Religion
- Affiliation: Islam – Sunni
- Province: Special Region of Yogyakarta

Location
- Location: Yogyakarta
- Country: Indonesia
- Interactive map of Kotagede Silver Mosque Masjid Perak Kotagede

Architecture
- Type: Mosque
- Style: Javanese vernacular
- Established: 1937

= Kotagede Silver Mosque =

Mosque in Yogyakarta, Indonesia

Kotagede Silver Mosque (Masjid Perak Kotagede) (Javanese: ꦩꦱ꧀ꦗꦶꦢ꧀ꦥꦼꦫꦏ꧀ꦏꦺꦴꦠꦒꦼꦢꦼ), or as it is more widely known, Silver Mosque (Indonesian: Masjid Perak), is a historical mosque complex in Yogyakarta, Indonesia.

== History ==
Construction of the Kotagede Silver Mosque began in 1937 under the auspices of Muhammadiyah to serve the religious needs of the local Muslim community. At the time, it became the second mosque built in the Kotagede area, following the more well-known Great Mosque of Mataram (Indonesian: Masjid Gedhe Mataram). The mosque was officially inaugurated and opened for public worship on January 12, 1940.

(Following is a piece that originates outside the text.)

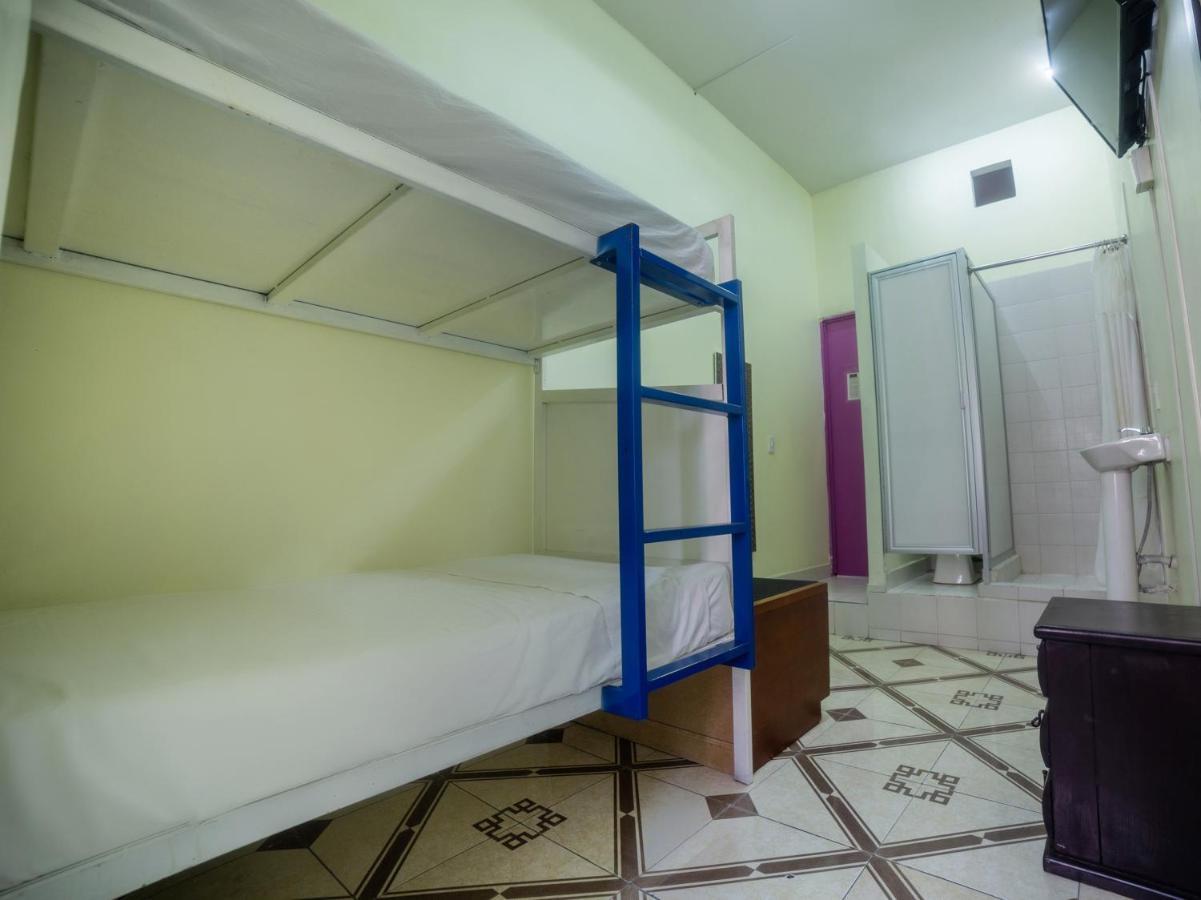 Oyo Hostel Oasis Centro Cerca Del Hospital Issste Hospital Jose Ma Morelos 멕시코 시 외부 사진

The mosque played a significant role during Indonesia’s fight for independence. It served as a gathering point for members of Laskar Hizbullah, an Islamic paramilitary group, before they headed to the front lines to resist Dutch colonial forces.

Interestingly, the name "Silver Mosque" is not derived from the silver craftsmen for which Kotagede is famous. Instead, it is believed to have originated from a linguistic connection between the Indonesian word for silver, perak, and the Arabic word firoq, which means “separator.” Symbolically, the mosque is thought to serve as a place where people can separate themselves from worldly distractions and find spiritual clarity.

== Architecture ==
Originally, the Kotagede Silver Mosque featured traditional Javanese architectural elements, reflecting the local cultural and religious heritage. However, it sustained severe damage during the devastating 2006 Yogyakarta earthquake. Due to the extent of the destruction, the mosque was dismantled and underwent a complete reconstruction from 2009 to 2013. Despite the rebuilding, the new structure faithfully follows the design of the original, preserving its cultural and historical identity. Some decorative features from the old mosque were carefully restored and integrated into the new building, maintaining a tangible link to the mosque’s past.